Phoebe

Overview

Phoeβe

CI

Idea

Phoeβe (/ˈfiːbi/) wants to add basic artificial intelligence capabilities to the Linux OS.

What problem Phoeβe wants to solve

System-level tuning is a very complex activity, requiring the knowledge and expertise of several (all?) layers which compose the system itself, how they interact with each other and (quite often) it is required to also have an intimate knowledge of the implementation of the various layers.

Another big aspect of running systems is dealing with failure. Do not think of failure as a machine turning on fire rather as an overloaded system, caused by misconfiguration, which could lead to starvation of the available resources.

In many circumstances, operators are used to deal with telemetry, live charts, alerts, etc. which could help them identifying the offending machine(s) and (re)act to fix any potential issues.

However, one question comes to mind: wouldn't it be awesome if the machine could auto-tune itself and provide a self-healing capability to the user? Well, if that is enough to trigger your interest then this is what Phoeβe aims to provide.
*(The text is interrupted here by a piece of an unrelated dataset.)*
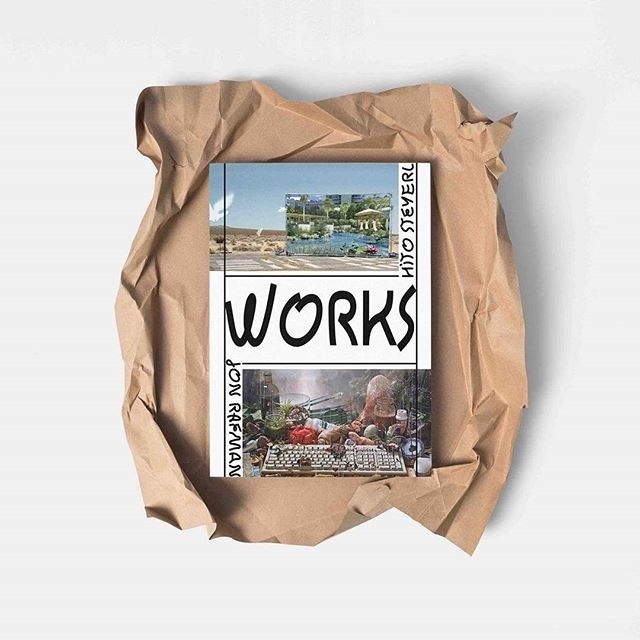 HITO STEYERL - JON RAFMAN WORKS BOOK 🍃👀💞 #jonrafman #hitosteyerl #editorial #book #booked #editorialdesign #editoria #grafikdesign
Phoeβe uses system telemetry as the input to its brain and produces a big set of settings which get applied to the running system. The decision made by the brain is continuously reevaluated (considering the grace_period setting) to offer eventually the best possible setup.

Architecture

Phoeβe is designed with a plugin architecture in mind, providing an interface for new functionality to be added with ease.
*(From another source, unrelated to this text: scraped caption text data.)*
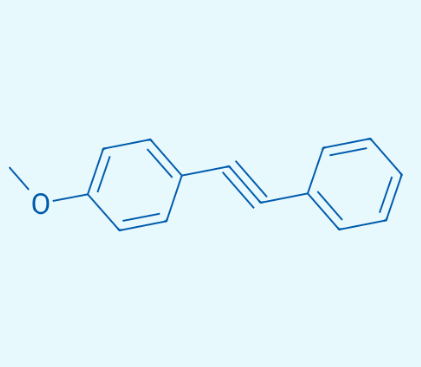 1-甲氧基-4-苯基乙炔基-苯  7380-78-1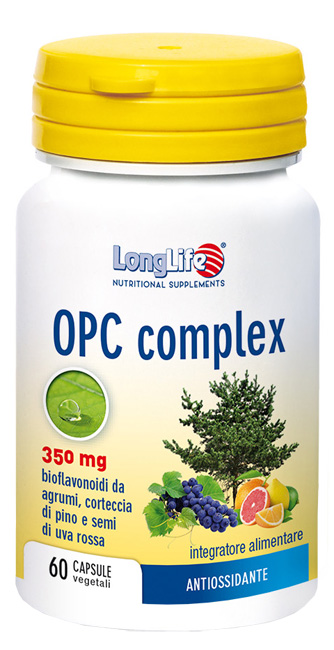 LONGLIFE OPC COMPLEX 60 CAPSULE VEGETALI - famajoy.it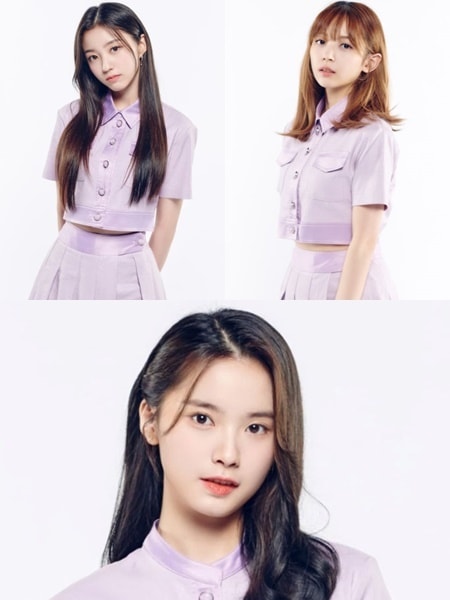 강예서(왼쪽 위부터 시계방향), 사카모토 마시로, 황씽치아오ⓒ 뉴스1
Plugins are loaded at runtime and registered with the main body of execution. The only requirement is to implement the interface dictated by the structure plugin_t. The network_plugin.c represents a very good example of how to implement a new plugin for Phoeβe.

Disclaimer

The mathematical model implemented is a super-basic one, which implements a machine-learning 101 approach: input * weight + bias. It does not use any fancy techniques and the complexity is close to zero.

The plan is to eventually migrate towards a model created in Tensorflow and exported so to be used by Phoeβe, but we are not there yet.

10,000 feet view

The code allows for both training and inference: — all the knobs which can modify the run-time behavior of the implementation are configurable via the settings.json file, where each parameter is explained in detail.
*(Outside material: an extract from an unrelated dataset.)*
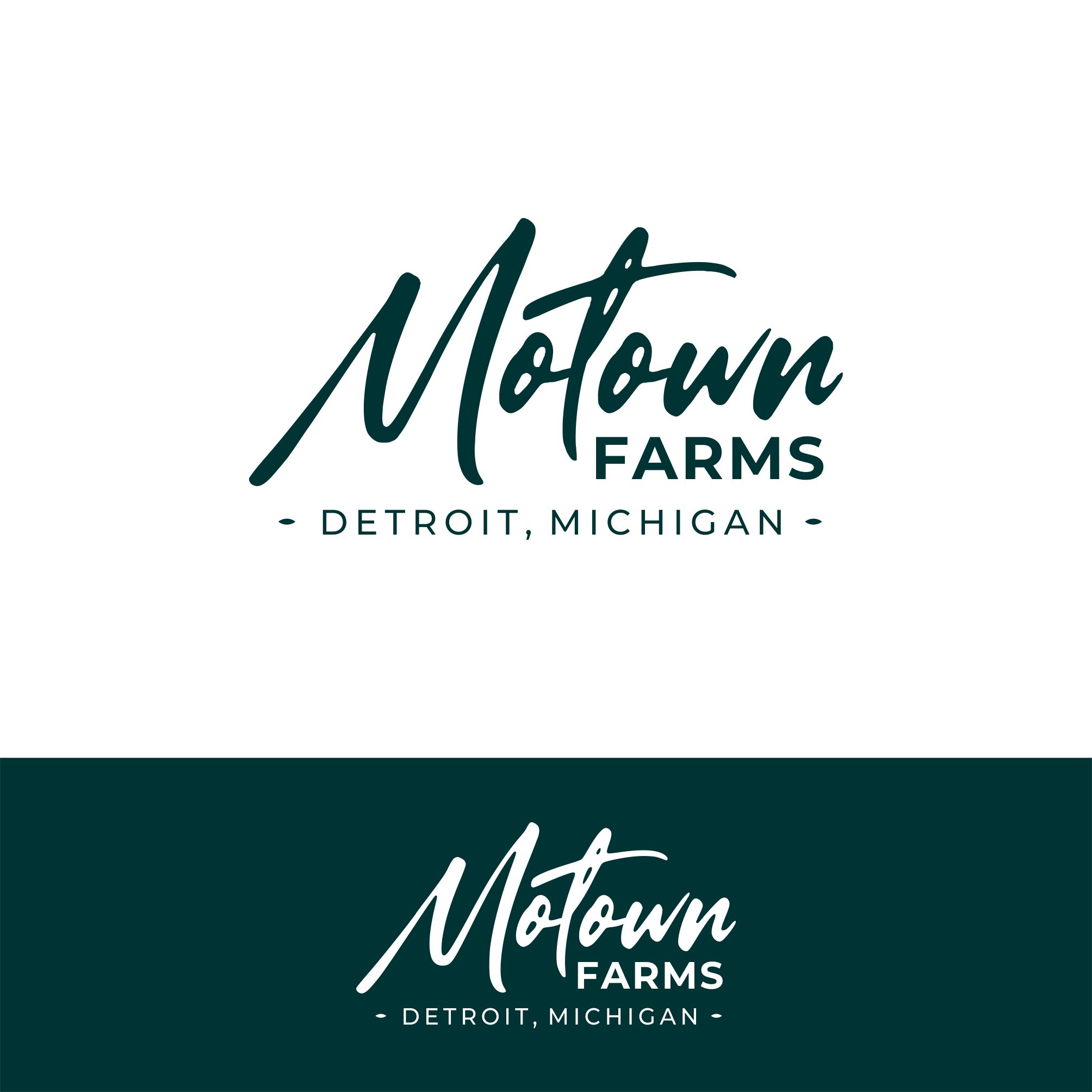 Logo Design by sofia elbaraka for Motown Farms | Design #30203024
For the inference case, when a match is found, then the identified kernel parameters are configured accordingly.

The inference loop runs every N seconds and the value is configurable via the inference_loop_period. Depending on how quick we want the system to react to a situation change, then the value given to the inference_loop_period will be bigger or smaller.

The code has a dedicated stats collection thread which periodically collects system statistics and populates structures used by the inference loop. The statistics are collected every N seconds, and this value is configurable via the stats_collection_period. Depending on the overall network demands, the value of stats_collection_period will be bigger or smaller to react slower or quicker to network events.

In case a high traffic rate is seen on the network and a matching entry is found, then the code will not consider any lower values for a certain period of time: the value is configurable via the grace_period in the settings.json file.

That behavior has been implemented to avoid causing too much reconfiguration on the system and to prevent sudden system reconfiguration due to network spikes.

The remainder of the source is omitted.